Chelation therapy is recommended when blood lead levels are >45 µg/dL: 2,3-dimercaptosuccinic acid (DMSA) or parenteral calcium disodium ethylene-diamine-tetra-acetic acid (CaNa₂EDTA). When levels are >70 µg/dL, British anti-Lewisite (BAL) should be administered before CaNa₂EDTA to prevent the latter from increasing the distribution of lead into the brain. Mannitol can be used in cases of cerebral edema. Intravenous diazepam is preferred for control of seizures. Renal function should be monitored because a nephrotoxic reaction may develop.

Mercury Intoxication

The three major current sources of exposure are fish consumption, dental amalgams, and vaccines, each causing a distinctive syndrome of intoxication.

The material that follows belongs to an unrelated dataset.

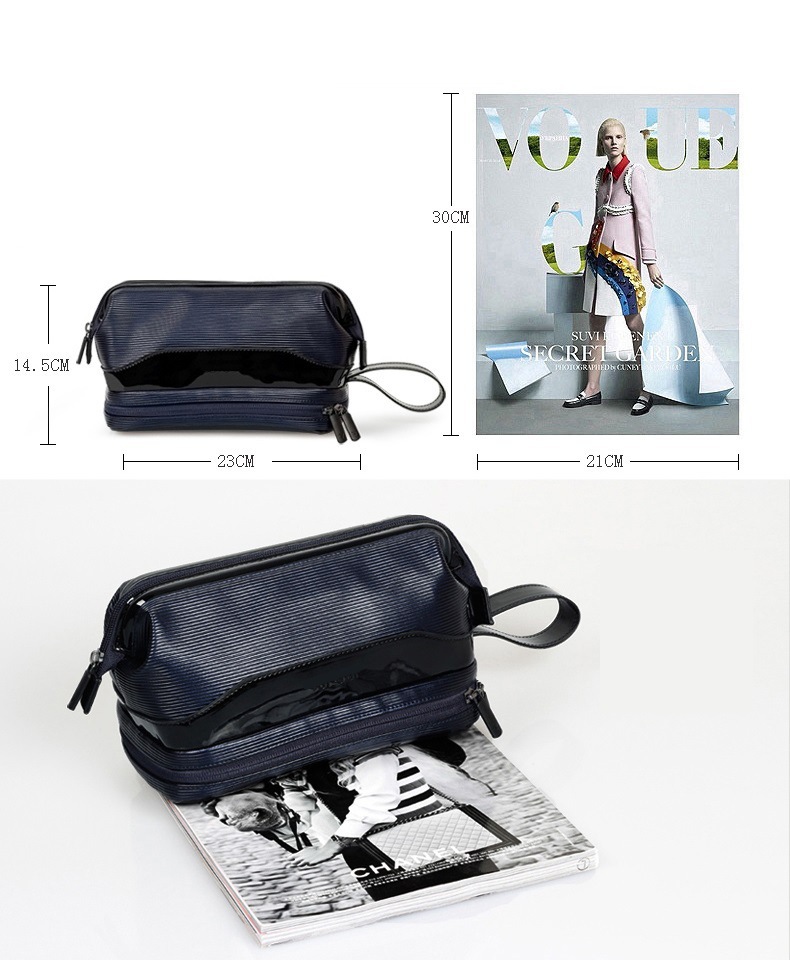 Factory Direct Sales New Pu Cosmetic Handbag Men's 2024 New Fashion Men's Cosmetic Bag Manufacturer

Route	Inhalation	Oral	Parenteral
Main Source	Dental Amalgams	Fish	Vaccines^a
In These Forms	Mercury Vapor	Methyl Mercury	Ethyl Mercury
Manifesting as	Peripheral neuropathy, erethism, and tremor	Ataxia, visual constriction, and acral paresthesia	Ataxia, visual and hearing loss, and paresthesias
Other features	Stomatitis, gingivitis, proteinuria	Impaired smell and taste	Tubular necrosis, acrodynia^b
Treatment	DMSA: Meso-2,3-dimercaptosuccinic acid^c	Chelators not effective	Chelators not effective
^aEthyl mercury is the active ingredient of the preservative thimerosal, used in vaccines. ^bAcrodynia was a childhood hypersensitive reaction to inorganic mercury consisting of painful redness of hands and toes; photophobia, irritability, anorexia, and hypertension. ^cDMSA is preferred over penicillamine (antagonist of mercuric chloride) as the treatment of choice because it induces greater mercury excretion. Furthermore, DMSA can almost completely inhibit the uptake of methyl mercury by RBCs and hepatocytes. Since organic mercury is mainly located in erythrocytes, whole blood rather than urine is required to test for methyl mercury exposure. Urinary mercury correlates with elemental or inorganic mercury, not methyl mercury.